2 An Experimental Psychic Probe Of The Planet Jupiter
Swann was afforded a special privilege during his years at the CIA. In 1973, he and fellow CIA remote viewer Harold Sherman were sent to Jupiter. While Swann was monitored by CIA personnel somewhere in the SRI laboratories in California, Sherman was relaxing in his specially built sensory deprivation tank at his home, hundreds of miles and two time zones away.[9] Upon comparing their stories afterward by phone, Swann and Sherman were shocked to find that their remote viewing sessions contained the same major details even though no close-up photographs had ever been taken of Jupiter at that time. They both correctly identified the Great Red Spot and the vast dark cloud which trails behind it. They reported that there were endless fields of suspended crystals glittering among the vast billowing clouds. The crystals reflected both the light of the Sun and that of vast electric storms on Jupiter’s surface. Swann estimated that the surface lay some 193,000 kilometers (120,000 mi) below the clouds. The clouds themselves had many layers.
1 Oklahoma City Bombing
As with America’s other most memorable terrorist attack, many have questioned the official narrative of the Oklahoma City bombing. In 1995, Timothy McVeigh and Terry Nichols did devastating damage to a federal building in downtown Oklahoma City, claiming 168 lives. Released to commemorate the 10-year anniversary of the bombing, Jayna Davis’s The Third Terrorist questions whether Iraqi terrorists, operating with the blessing of Iran, may have actually organized the bombing. Though Davis’s book was used as evidence shortly after publication as part of a Congressional hearing into the Oklahoma City bombing, her theory would be largely irrelevant if it weren’t for the spookiest Project Stargate document of them all. On April 20, 1995, the CIA received the following unsolicited intel from famed psi-sensitive and CIA operative Joe McMoneagle about the (supposedly) domestic terrorism event that had occurred the day before. McMoneagle related that five men, not two, were responsible for the incident and that three were Arabic.
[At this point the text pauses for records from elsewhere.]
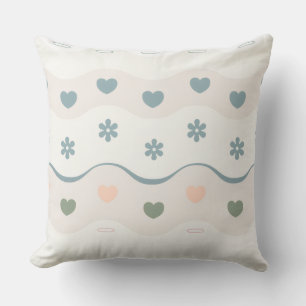 Retro Heart Meadow Stripe Throw Pillow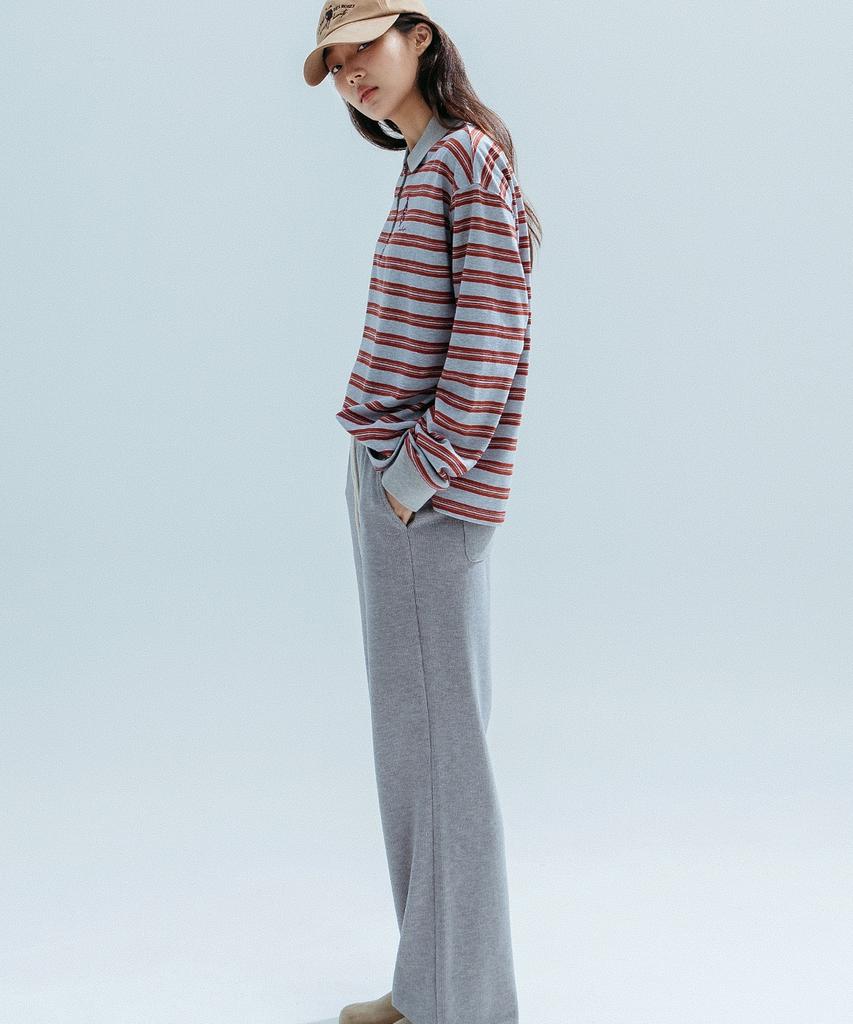 ANNEHEARTS Soft Knit Wide Easy Pants_Melange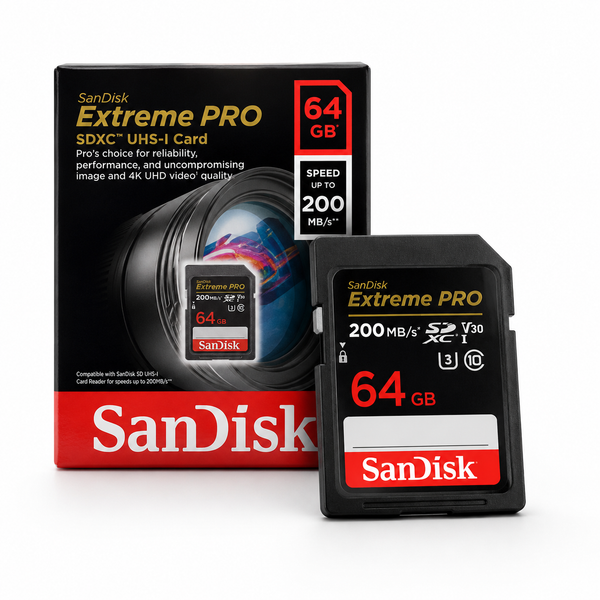 SanDisk Extreme PRO SDXC UHS-I 64GB Memory Card – 200MB/s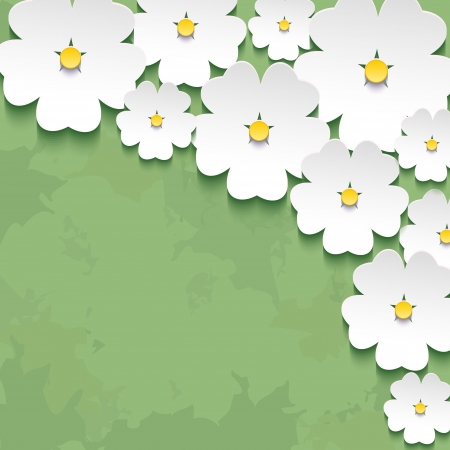 Vintage floral green abstract background with 3d flower sakura  Stylish vector background in vintage or retro style  のイラスト素材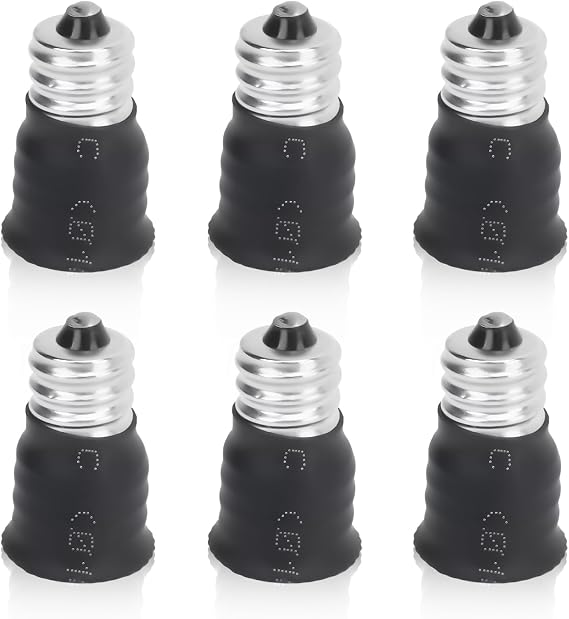 6Pcs E12 to E14 Light Bulb Adapter, E12 Male to E14 Female Socket Converter for Home (Black)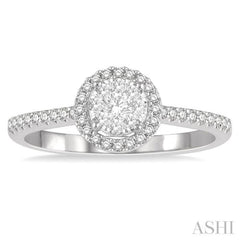 1/3 ctw Round Diamond Lovebright Halo Engagement Ring in 14K White and Yellow Gold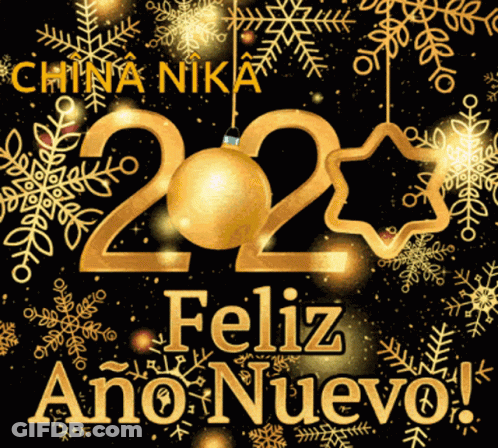 A Greeting Card That Says Feliz Ano Nuevo On It GIF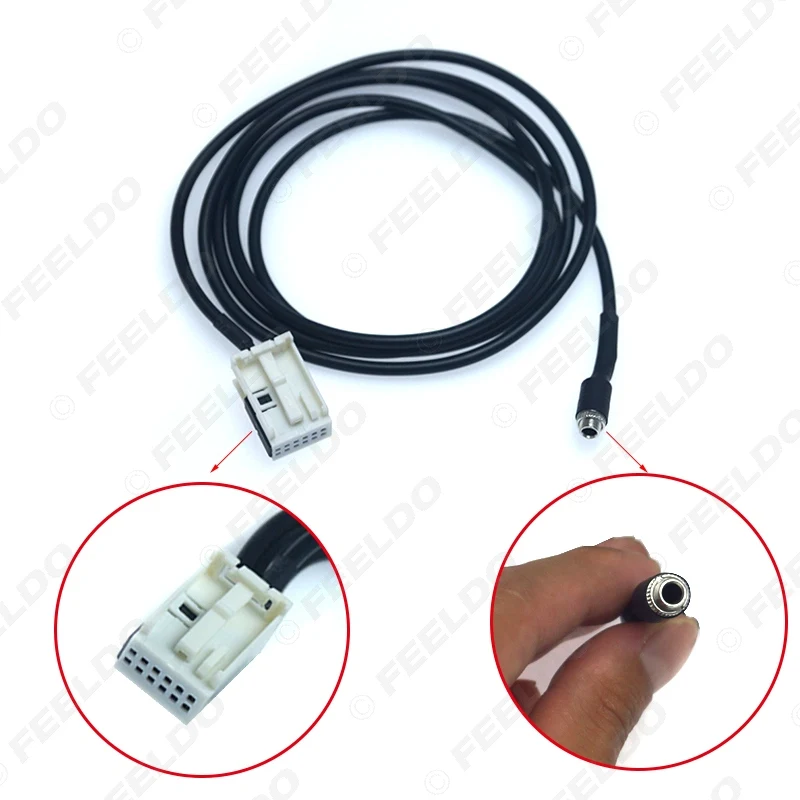 FEELDO Car 3.5mm Female To AUX-IN Audio Wire Cable Adapter for Audi A4 A3 A6 TT A8 S4 Extension Plug Wiring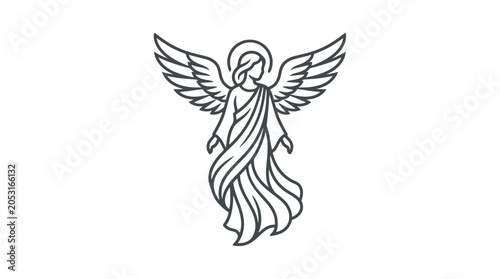 Tableau sur toile Angel vector drawing, guardian spirit, ethereal being with wings and halo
Most chillingly of all, Joe identifies the most likely country of origin for these foreign Islamic terrorists—Iraq. The oddest part of the brief report is McMoneagle’s conviction that a person named “Carl” would have something to do with the bombing. Disappointingly for remote viewing believers, neither of the domestic terrorists nor their known accomplices was named Carl, and it’s unlikely that any of the three “Arabic” accomplices were named Carl, either. Yet Carl Spengler, an on-call physician at a nearby hospital, was the first responder on the scene of the bombing—the first person to view the devastation which had just unfolded.[10]